Widely used alloying elements such as chromium, nickel and manganese tend to promote temper embrittlement with the highest embrittlement effect observed in Cr-Ni and Cr-Mo steels. Small additions of molybdenum in Cr-Ni steels (0.2-0.3% in solution) can diminish temper embrittlement being caused by phosphorus. Temper embrittlement can be diminished by keeping silicon and phosphorus levels as low as possible, adding up to 0.15% molybdenum and avoiding the embrittlement heat-treating conditions.

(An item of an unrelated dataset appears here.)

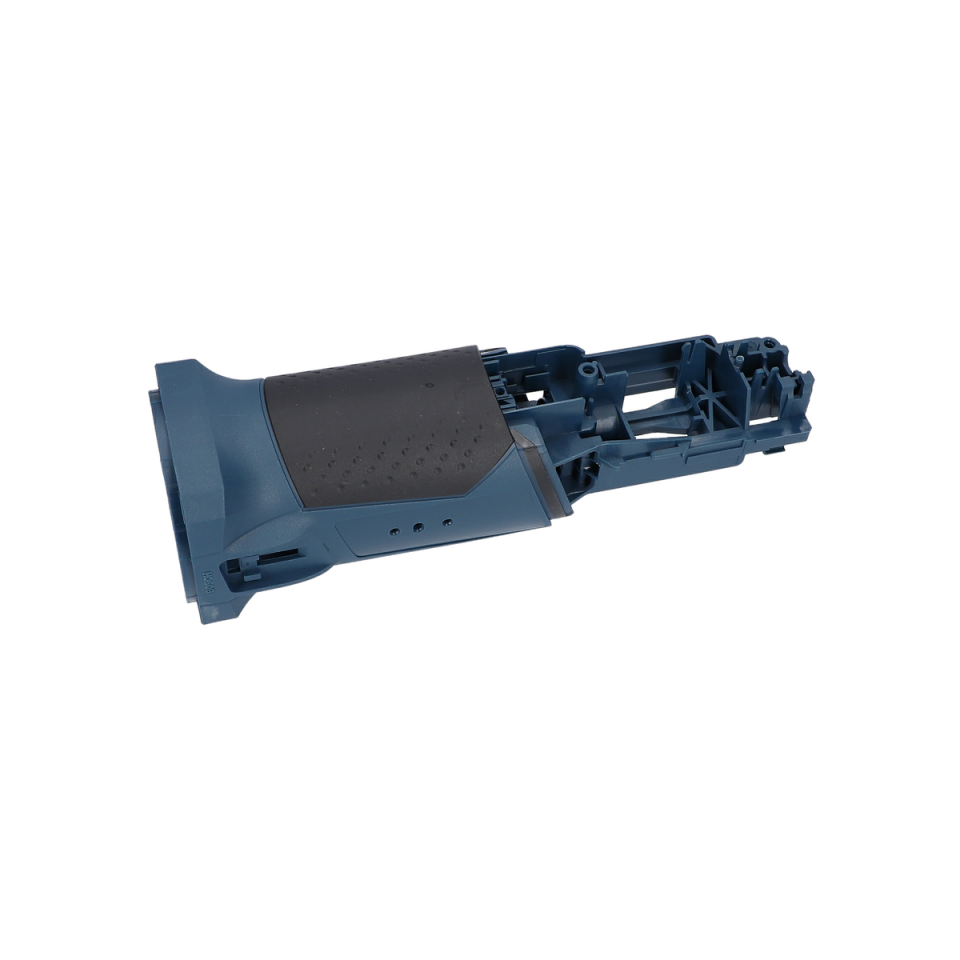 Motor Gövdesi             Cıex (Motor Housing) (1605108283)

Susceptibility also depends on impurity control, and here is where the steelmaking process is critical. For example, in plain carbon and Cr-Mo steels (those with no Ni) where phosphorous is the most important embrittlement element, the percentage can be controlled by the steelmaking process. In steels that contain significant amounts of nickel, antimony and tin are more potent embrittlement elements. Phosphorous has an effect, but not as large as it has in plain carbon and Cr-Mo steels. It should be noted, however, that antimony and tin in plain-carbon steels could cause other hot-working issues.
How can we correct it?
Tempered martensite embrittlement (TME) is irreversible and its effects are permanent. By contrast, the effects of temper embrittlement (TE) can be reversed. This is done by re-tempering above the critical temperature of 575°C (1070°F), then cooling rapidly, or by re-austenitizing and cooling rapidly. Impact toughness can be restored. If necessary, this process can be repeated.
A Simple Example
Alloy steel, which is susceptible to temper embrittlement, will exhibit a relationship such as shown below (Fig. 1). The lower-temperature energy trough, 250-400°C (480°F-750°F), is indicative of tempered martensite embrittlement while the trough at the higher temperature, 450-650°C (840-1200°F), represents temper embrittlement.
Summing Up
The susceptibility of a given steel to temper embrittlement depends on a number of factors including grain size, hardness, steel grade and the impurity control in the steelmaking process itself. Not all steels and not all steelmaking processes are equal.Finally, as heat treaters we must avoid the temptation to temper to a given hardness value without understanding the consequences of our actions. Since we do not have a simple embrittlement test that can be used on the shop floor, we must understand the phenomenon and question specifications that put us into temper-embrittlement ranges.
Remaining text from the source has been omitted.